Since Building Bad dropped in July with tales of crime and corruption, the Construction, Forestry and Maritime Employees’ Union (CFMEU) has been in some trouble. Widely-regarded as being among the more successful of #ausunions, as a result of these, ah, difficulties, it appears as though the CFMEU is soon to be placed under government administration. Hence today it was announced that: ‘All branches of the militant CFMEU could be forced into administration from as early as next week after Labor and the Coalition struck a deal to pass the stalled legislation, turning on the Greens for failing to rule out accepting future political donations from the beleaguered union.’ But wait!: ‘The CFMEU is receiving legal advice from Maurice Blackburn lawyer Josh Bornstein and is expected to decide by the end of the week whether to challenge the new laws in the High Court. Already, the United Firefighters Union and Electrical Trades Union have signalled they could back a CFMEU legal challenge.’

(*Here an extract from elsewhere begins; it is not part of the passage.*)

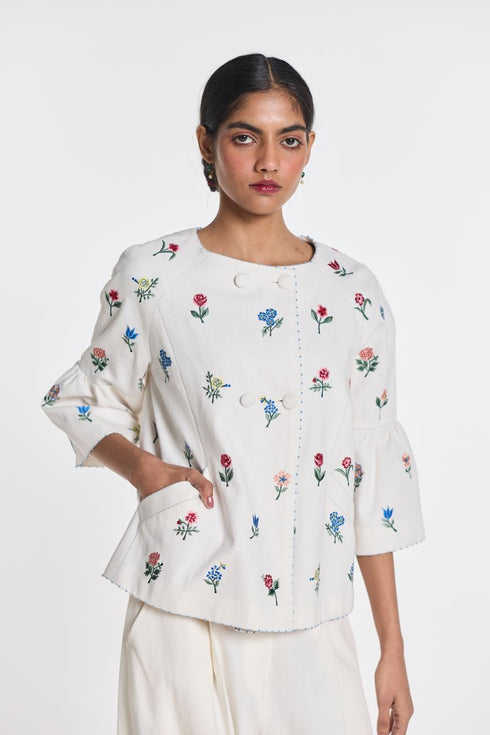 Gerbera ivory peplum jacket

I’m not a law-talking guy, so I dunno if the challenge has legs — we’ll find out soon enough (see also : A bill to kill a union: What is actually in the government’s CFMEU legislation, Eko, Red & Black Notes, August 9, 2024).
While it’s unsurprising that the Coalition has backed the deconstruction of the union, so bad are relations between the union and Labor following its legal response that the national secretary, Zach Smith, has even raised the possibility of the CFMEU disaffiliating from the party. Disaffiliation is of course an exceptionally rare occurrence but one which, despite the millions of dollars the union pours into the party, may actually be welcomed by it. Certainly, disaffiliation would have some important ramifications for the factions which run the show (The Labor government would be a very different beast if this factional war went the other way, GRundle, Crikey, August 12, 2024):
Labor now is a machine for the representation of capital, plugged into high finance through industry superannuation funds and the wider capital-science nexus. From Gillard to now, it has given us a capital-friendly arbitration body and made strikes illegal. Now it is going to permanently gut a union that developed militant tactics to represent its members, precisely because genuine worker representation had been made virtually illegal, by Labor.
At this stage, among other unions it’s unclear the degree of their opposition to the imposition of government control over the CFMEU. While on the one hand a number of employers have already moved to cut pay and undermine conditions negotiated as part of the CFMEU’s 2024 EBA campaign, on the other hand, the ACTU — which suspended the CFMEU’s membership of the peak body immediately after the scandal broke — appears to have welcomed the decision to place the union under government administration.
Having successfully flexed its considerable financial, industrial and political muscle in order to overturn a ban on duck-hunting in Victoria last year, the Building Industry Group may now have to embark upon another, even more militant campaign to save its largest and most powerful member.